Berikut rincian nilai usulan menurut bidang utama:
| Bidang | Nilai Usulan |
|---|---|
| Infrastruktur Desa | Rp13,1 Triliun |
| Sarana Prasarana Kabupaten/Kota | Rp12,5 Triliun |
Dengan dua bidang di atas menyerap lebih dari setengah total anggaran, sisa Rp12,2 triliun dialokasikan untuk sektor lain seperti pendidikan, kesehatan, pertanian, dan pengembangan ekonomi kreatif. Pengumpulan usulan ini merupakan tahap awal dalam proses perencanaan anggaran daerah, yang nantinya akan disusun menjadi Rencana Kerja Pemerintah (RKP) dan Rencana Kerja Pemerintah Daerah (RKPD).

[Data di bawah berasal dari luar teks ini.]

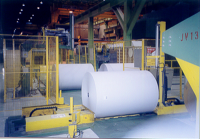 Korean Paper Production Making Machine - Dain System Co., Ltd.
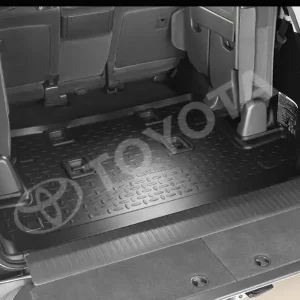 Zwrot pieniędzy Wykładzina bagażnika 7os.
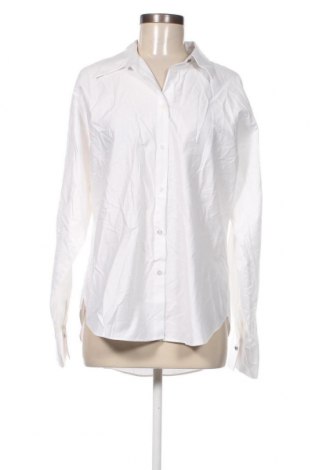 Γυναικείο πουκάμισο Guess, Μέγεθος L, Χρώμα Λευκό, Τιμή 37,15 €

Penguatan infrastruktur desa diharapkan dapat meningkatkan konektivitas antar wilayah, mempercepat distribusi barang dan jasa, serta mendukung pertumbuhan ekonomi lokal. Sementara itu, investasi pada sarana prasarana kabupaten/kota bertujuan memperbaiki fasilitas publik, memperluas jaringan transportasi, dan meningkatkan kualitas layanan bagi masyarakat.
Seluruh usulan akan dibahas lebih lanjut dalam rapat-rapat teknis Musrenbang, dengan melibatkan perwakilan pemerintah daerah, lembaga legislatif, serta elemen masyarakat. Proses ini menegaskan komitmen Pemerintah Provinsi Jawa Tengah untuk mengoptimalkan penggunaan dana publik sesuai prioritas pembangunan yang berkelanjutan.